#### Task
Every entry below must be repeated exactly; skip the pictures.

#### Dataset content
=====
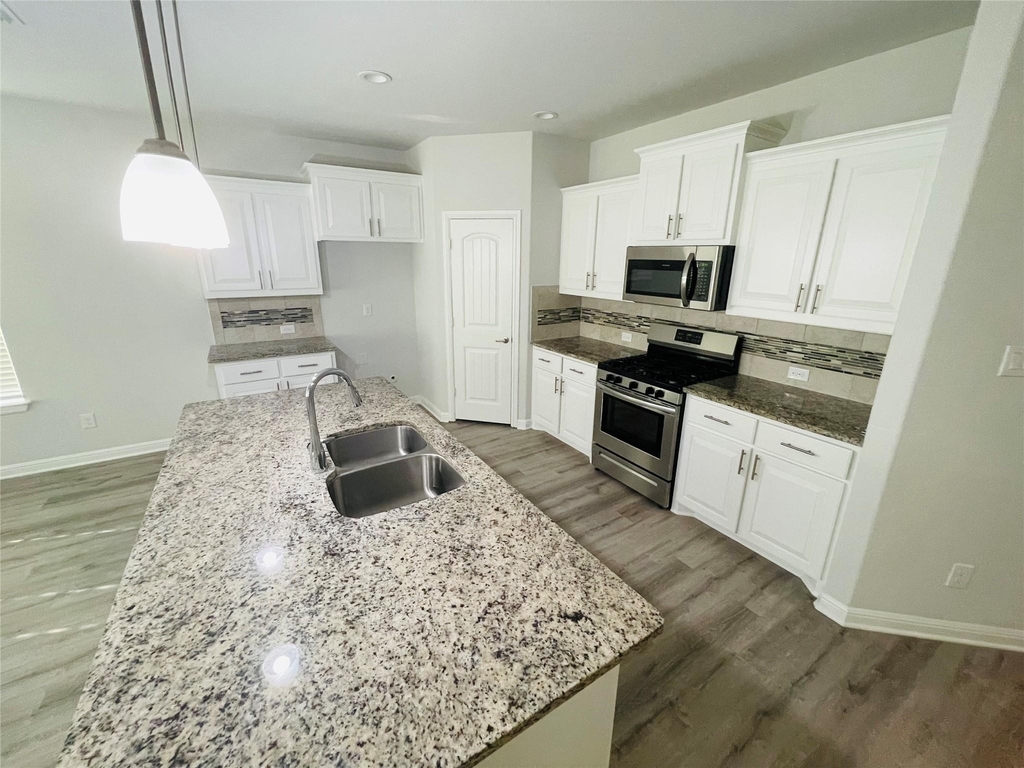 9109 Stormcrow Drive - Photo 13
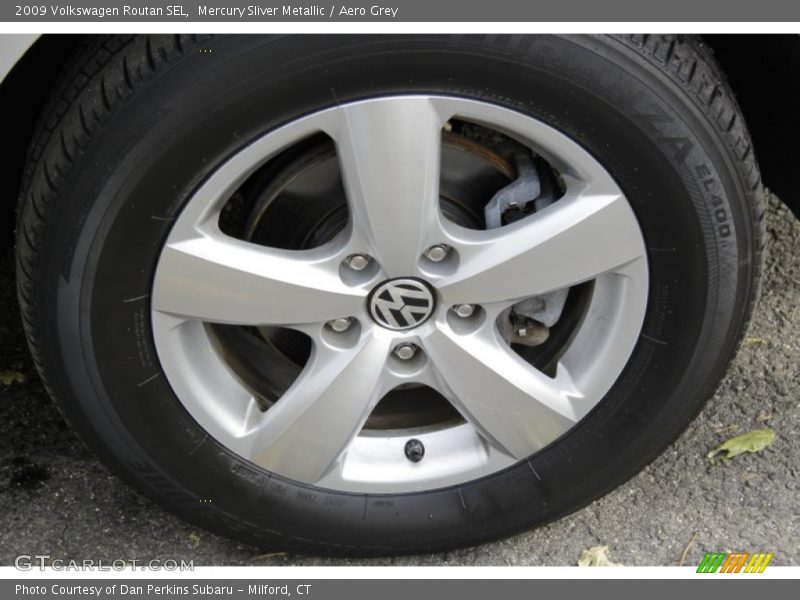 Mercury Sliver Metallic / Aero Grey 2009 Volkswagen Routan SEL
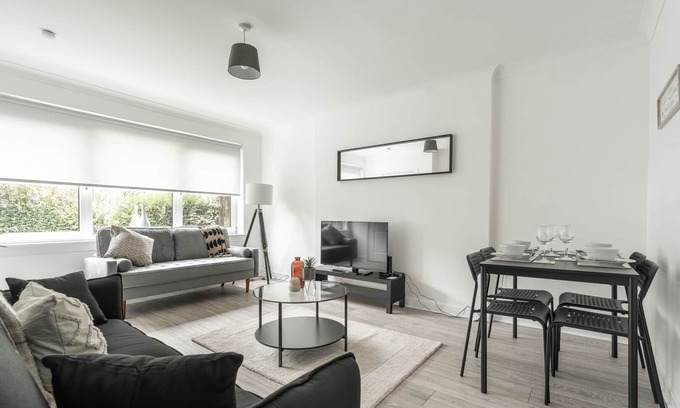 Tollcross House | Snug Modern Home in Eastern Glasgow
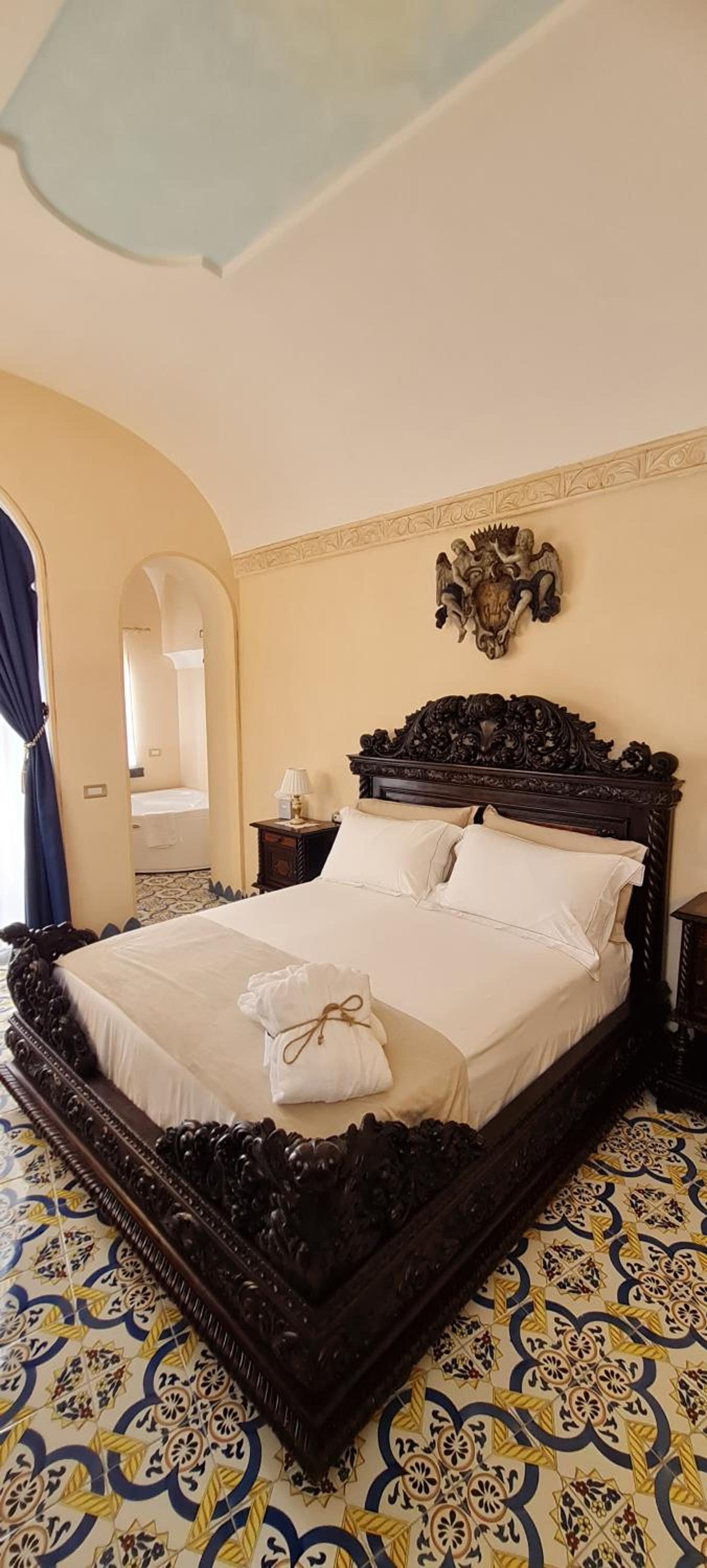 Deluxe Double Room with Balcony and Sea View photo 2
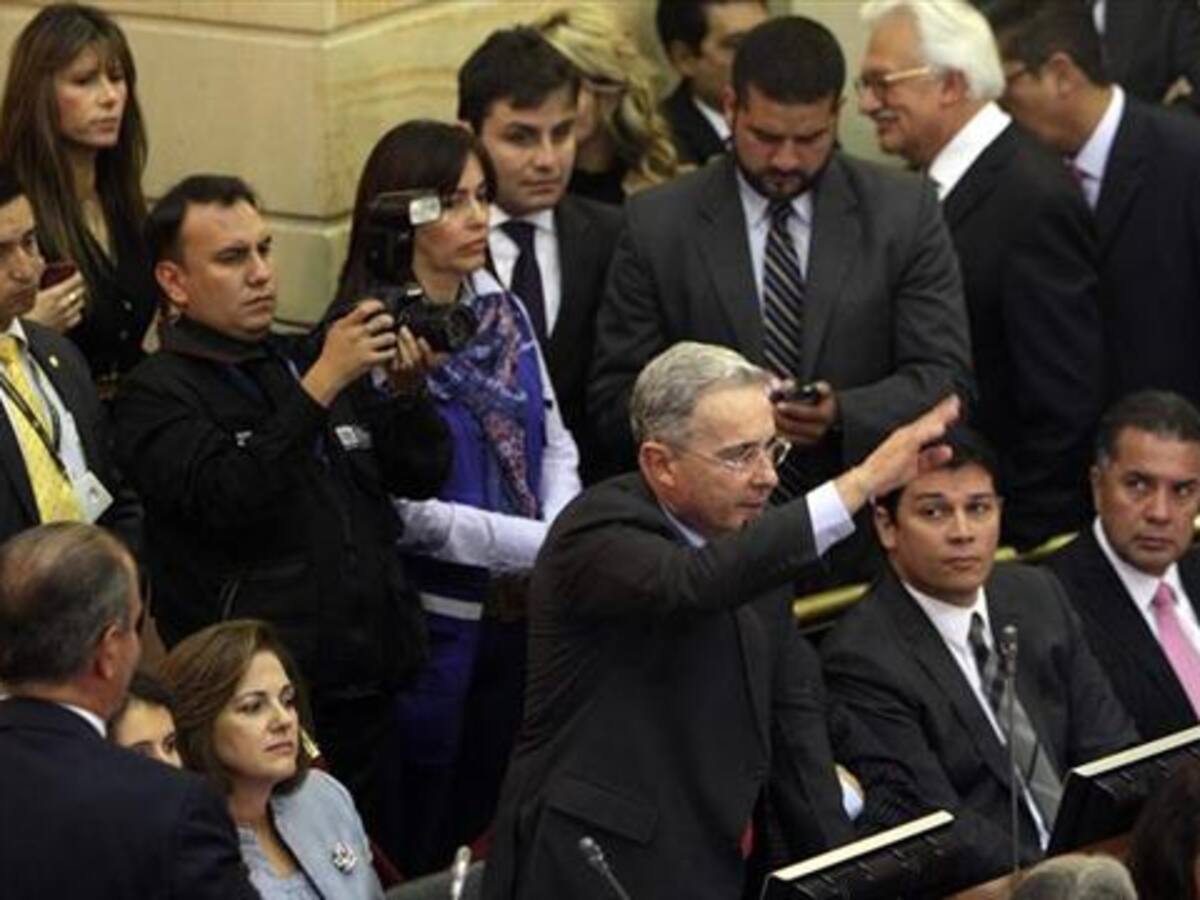 Habrá que darles bonbonbum a uribistas para que vayan a plenarias: Velasco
=====
#### Solution
 9109 Stormcrow Drive - Photo 13
 Mercury Sliver Metallic / Aero Grey 2009 Volkswagen Routan SEL
 Tollcross House | Snug Modern Home in Eastern Glasgow
 Deluxe Double Room with Balcony and Sea View photo 2
 Habrá que darles bonbonbum a uribistas para que vayan a plenarias: Velasco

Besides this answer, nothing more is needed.